Continua il comunicato: “Da anni numerose organizzazioni umanitarie, denunciano sulla rotta balcanica una fortissima criminalizzazione della solidarietà e degli interventi umanitari di associazioni indipendenti o anche di singoli attivisti, anche in termini repressivi. Questo accade anche negli Stati Uniti, dove la repressione degli interventi di solidarietà e supporto alle persone che cercano di attraversare il confine, segue uno scopo specifico, chiamato ‘principio di dissuasione’ (dell’immigrazione clandestina).
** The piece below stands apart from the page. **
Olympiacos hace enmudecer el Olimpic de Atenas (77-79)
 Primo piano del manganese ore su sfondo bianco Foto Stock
Questo stesso principio, l’Unione Europea l’ha adottato nel mediterraneo centrale con le campagne di criminalizzazione dell’intervento di salvataggio delle Ong, utilizzando lo spauracchio del ‘pull factor’ per giustificare le proprie misure di contrasto e criminalizzazione, colpendo sempre, chi resiste alla violenza delle frontiere, persone in movimento e solidali. Questo principio, permea le politiche di esternalizzazione dei confini, in piena contraddizione con le proprie normative in termini di diritto di protezione internazionale. Anche qui in Bosnia le organizzazioni umanitarie indipendenti sono oggetto di continua attenzione da parte delle autorità, che tentano, tramite intimidazioni ed espulsioni, di limitare le loro attività. Il pretesto è sempre legale e securitario, normalizzando forme di ‘razzismo istituzionale’, come il divieto di offrire un passaggio a persone senza documenti, l’impossibilità per Pom di prendere mezzi pubblici, il divieto e la stigmatizzazione di azioni di solidarietà da parte dei locali, in forma organizzata o meno”.
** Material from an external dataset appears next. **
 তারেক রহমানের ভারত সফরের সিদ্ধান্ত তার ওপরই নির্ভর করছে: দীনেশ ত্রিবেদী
Si conclude la nota: “Abbiamo deciso di impugnare l’ordine di espulsione per smascherare l’ipocrisia delle politiche migratorie dell’Unione Europea, delle misure di contenimento, tutela e accoglienza delle persone che attraversano le sue geografie per sfuggire a guerra, miseria, schiavitù. L’intensificazione dei controlli delle zone informali di stanziamento delle persone respinte dall’Europa in Bosnia sta svelando il fallimento e l’incongruenza dell’immenso ammontare di risorse investite sulla sorveglianza dei confini e negli hub per migranti: Lipa è quasi del tutto vuota e militarizzata. Pur di non finire recluse, le persone in movimento, si adattano al meglio lungo la frontiera, sottoponendosi alle reiterate violenze dei respingimenti pur di farcela, mentre, dall’altra parte, le organizzazioni umanitarie subordinate all’IOM, distribuiscono quelle poche risorse che non sono state destinate all’equipaggiamento delle forze di sicurezza o alla costruzione di muri e torrette. L’ipocrisia dell’assetto securitario riscontrato qui sul confine croato-bosniaco svilisce il profuso impegno all’accoglienza delle donne e dei bambini in fuga dall’invasione Russa dell’Ucraina. La politica differenziale adottata in questo caso segna l’ennesima inadempienza delle istituzioni europee nella tutela del diritto internazionale e della protezione umanitaria. Se è su questo che oggi l’Europa sta definendo se stessa, sulle frontiere, sulla militarizzazione dei confini, la sorveglianza e l’attraversamento differenziale delle sue geografie, dobbiamo opporre un contraltare che disegni una nuova geografia, una nuova protezione internazionale, una nuova rotta. L’imperativo è resistere, alla guerra, alla criminalizzazione della solidarietà, alla discriminazione, alla marginalità, alla frontiera. Resistere e perseverare nelle nostre pratiche di supporto e alleanza con le persone in movimento!”.